We can translate these dynamic p-values back into the distributions that they came from in order to get a hard-and-fast boundary for stopping the test:

```
running_p_values = find_p_value_again(100)
distro = scipy.stats.binom(np.arange(1, 101), 0.5)
upper_bound = distro.isf(running_p_values/2).diagonal()/np.arange(1, 101)
lower_bound = distro.isf(1 - running_p_values/2).diagonal()/np.arange(1, 101)
plt.fill_between(np.arange(1, 101), lower_bound, upper_bound, alpha=0.5, linewidth=1)
```

This tells us, e.g., that if we peek at the experiment after 40 flips and want to know if the results are bad enough to stop the experiment, the answer is "yes" if fewer than \(\approx 30\% = 12\) of the flips landed heads up, and is "no" otherwise. (The graph should be ignored for \(n \leq 8\), since it isn't even possible to arrive outside the bounds before then.) Something I want to stress is that we *are not* simply computing the naive \(95\%\) credible intervals after each flip; we are being much more stringent. Indeed, \(\mathbb{P}(Bin(40, 0.5) \leq 12) \approx 0.0083\).

One can easily re-use this idea in the context of an A/B test; instead of the simple model for flipping a coin, you'd use whatever posterior model you have for your experiment, and instead of the null hypothesis being that the coin is unbiased, it would be that each variant's true rate is really no better than the control's.

*One:* In the above, it would be theoretically better if we didn't have a fixed null hypothesis for the coin's true value (namely \(0.5\)), but instead used a prior distribution. In practice, I never do this. I sleep at night by reminding myself that stopping early is a questionable practice in the first place, the whole point of this exercise is to find a rough estimate of an acceptable stopping in the rare cases in which one variant is so bad that the experiment needs to be killed.

*Two:* Airbnb has a great article on the biased stopping time problem, and you should definitely check it out.
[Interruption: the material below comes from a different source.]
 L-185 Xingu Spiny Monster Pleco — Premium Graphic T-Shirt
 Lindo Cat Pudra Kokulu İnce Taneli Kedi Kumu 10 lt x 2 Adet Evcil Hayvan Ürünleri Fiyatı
As a nitpick, I disagree with this diagram:

In reality, the p-value never plateaus like that. (If you run an A/A test forever unless you hit a certain fixed p-value, you'll eventually get a false positive with probability \(100\%\). Similarly, if you peek constantly and you set a flat p-value, you inexorably increase your false positive rate.) I think that this is a misstatement rather than a mistake; judging from the rest of the article, what's probably meant is that they run experiments for no more than 30 days (or some other fixed value tied to sample size), and decide whether a significan effect exists at that point using \(p = 0.05\) (as we did above, deciding to stop and evaluate when the number of flips reached \(100\) if we hadn't already squealed by then). Anyway, the article is great, and you should definitely read it!